EXERCISE DESCRIPTION>
Write out each record exactly and skip every image.

START GIVEN DATA

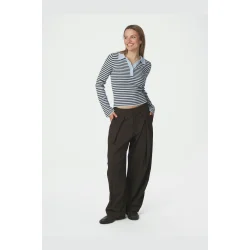 Fannya ls striped knit polo Neo Noir, light blue stripe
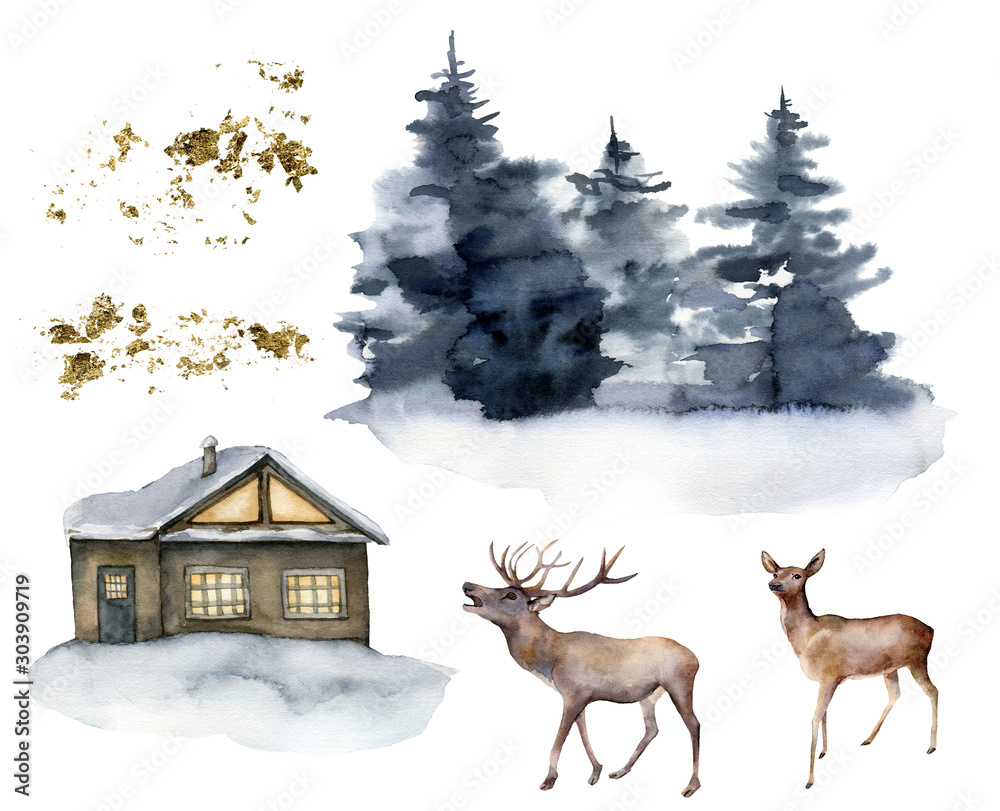 Obraz Akwarela zestaw z jelenie, dom i zimowy las. Wręcza malującą Bożenarodzeniową ilustrację z zwierzętami i jedlinowymi drzewami odizolowywającymi na białym tle. Do projektowania, drukowania, tkaniny lub tła. Dzikiej przyrody.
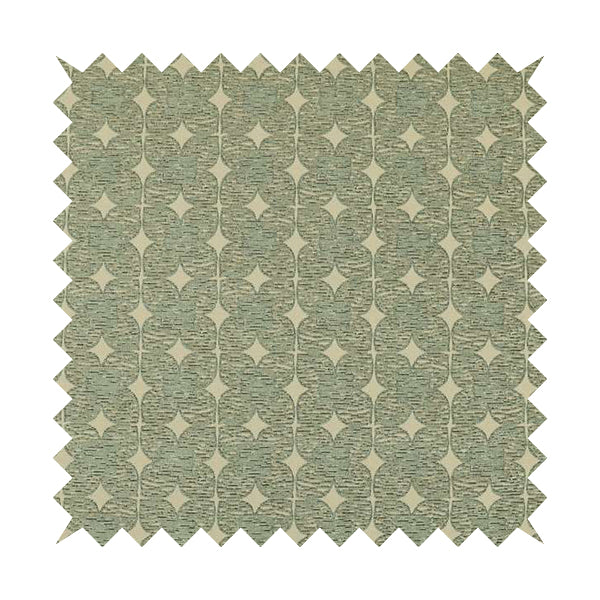 Four Clover Flower Geometric Pattern In Blue Colour Chenille Upholstery Fabric JO-770 - Roman Blinds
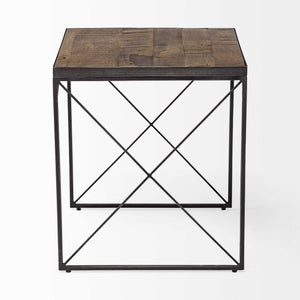 HMS 23 Inch Brown Solid Wood Square End Table Convertible Farmhouse Style Living Room or Entry Side Table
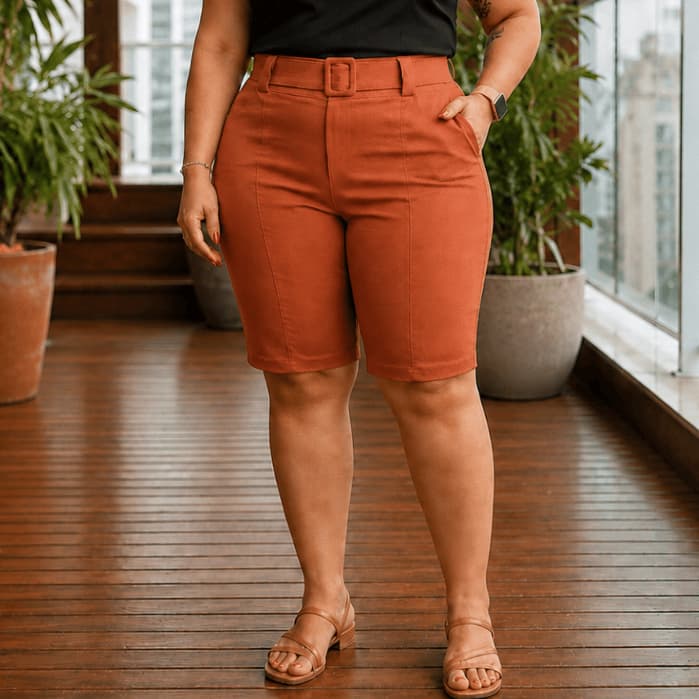 Bermuda Social Feminina Plus Size Com Cinto Fivela Tecido Bengaline Cintura Alta Alfaiataria 42 ao 52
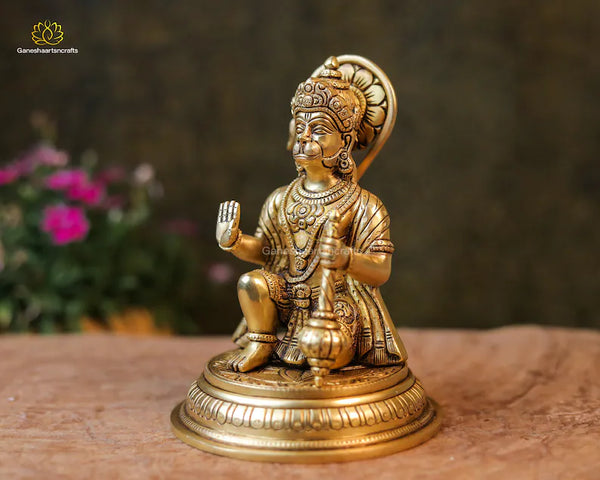 Hanuman Statue | 19 CM | Lord Hanuman Idol | Brass Hanuman Statue | Bajrangbali Statue | Divine Vanara | Devotee of Lord Rama | Mace God |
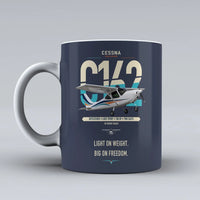 Thumbnail for Cessna 162 Skycatcher design on dark blue ceramic mug, double-side print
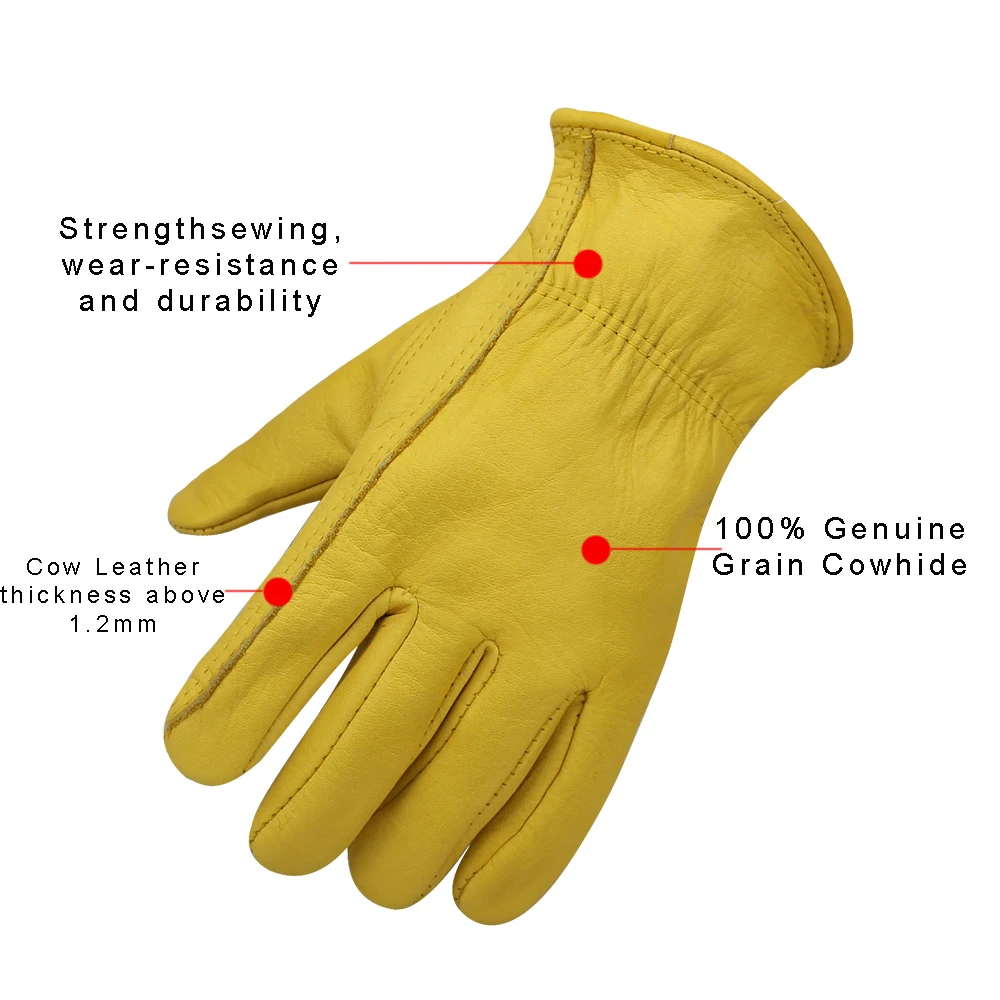 Leather Work Gloves Cowhide Gardening Glove for Wood Cutting/Construction/Truck Driving/Garden/Yard Working Garden Work Gloves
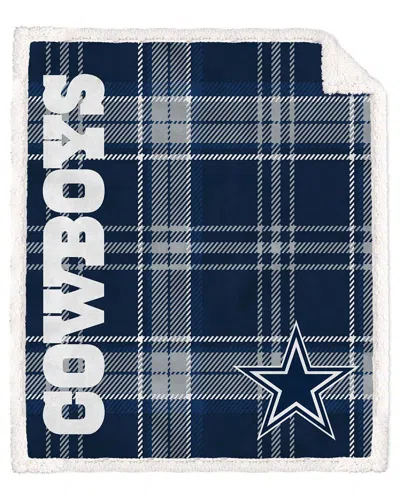 Pegasus Sports Dallas Cowboys Nfl Team Classic Plaid Sherpa Throw In Blue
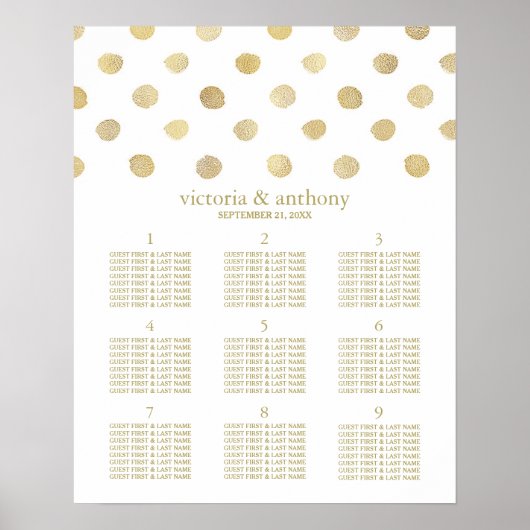 Moderne White & Gold Polka Dots Hochzeitsplanung Poster (Vorne)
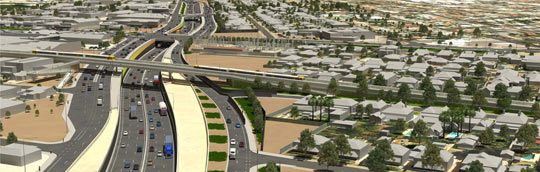Proposed bicycle & train overpass - South Road.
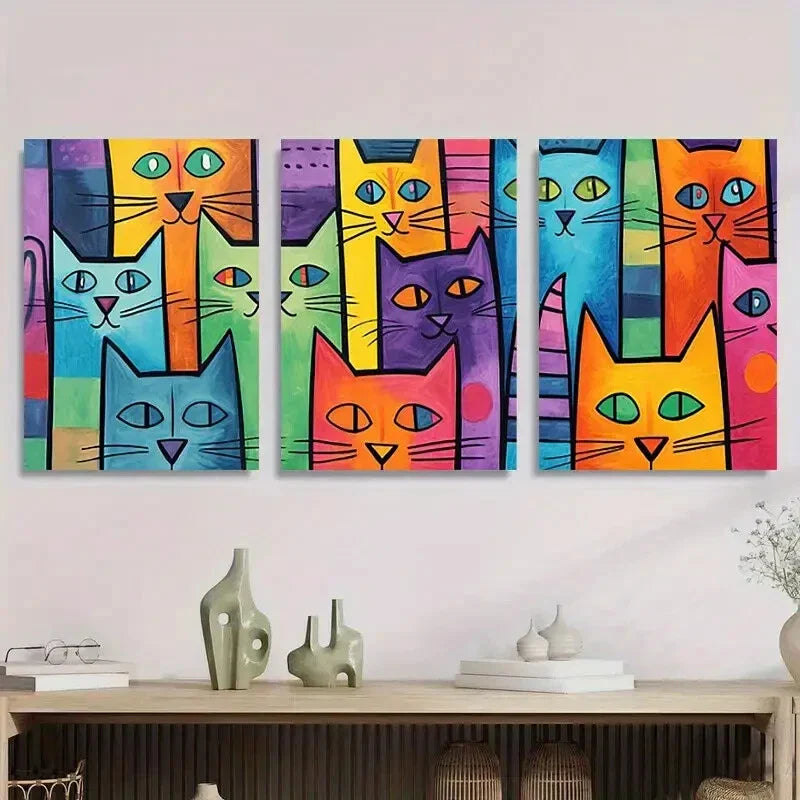 3pcs Colorful Cat Modern Abstract Metal Print Ready to Hang Art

END GIVEN DATA

TASK OUTPUT>
 Fannya ls striped knit polo Neo Noir, light blue stripe
 Obraz Akwarela zestaw z jelenie, dom i zimowy las. Wręcza malującą Bożenarodzeniową ilustrację z zwierzętami i jedlinowymi drzewami odizolowywającymi na białym tle. Do projektowania, drukowania, tkaniny lub tła. Dzikiej przyrody.
 Four Clover Flower Geometric Pattern In Blue Colour Chenille Upholstery Fabric JO-770 - Roman Blinds
 HMS 23 Inch Brown Solid Wood Square End Table Convertible Farmhouse Style Living Room or Entry Side Table
 Bermuda Social Feminina Plus Size Com Cinto Fivela Tecido Bengaline Cintura Alta Alfaiataria 42 ao 52
 Hanuman Statue | 19 CM | Lord Hanuman Idol | Brass Hanuman Statue | Bajrangbali Statue | Divine Vanara | Devotee of Lord Rama | Mace God |
 Thumbnail for Cessna 162 Skycatcher design on dark blue ceramic mug, double-side print
 Leather Work Gloves Cowhide Gardening Glove for Wood Cutting/Construction/Truck Driving/Garden/Yard Working Garden Work Gloves
 Pegasus Sports Dallas Cowboys Nfl Team Classic Plaid Sherpa Throw In Blue
 Moderne White & Gold Polka Dots Hochzeitsplanung Poster (Vorne)
Proposed bicycle & train overpass - South Road.
 3pcs Colorful Cat Modern Abstract Metal Print Ready to Hang Art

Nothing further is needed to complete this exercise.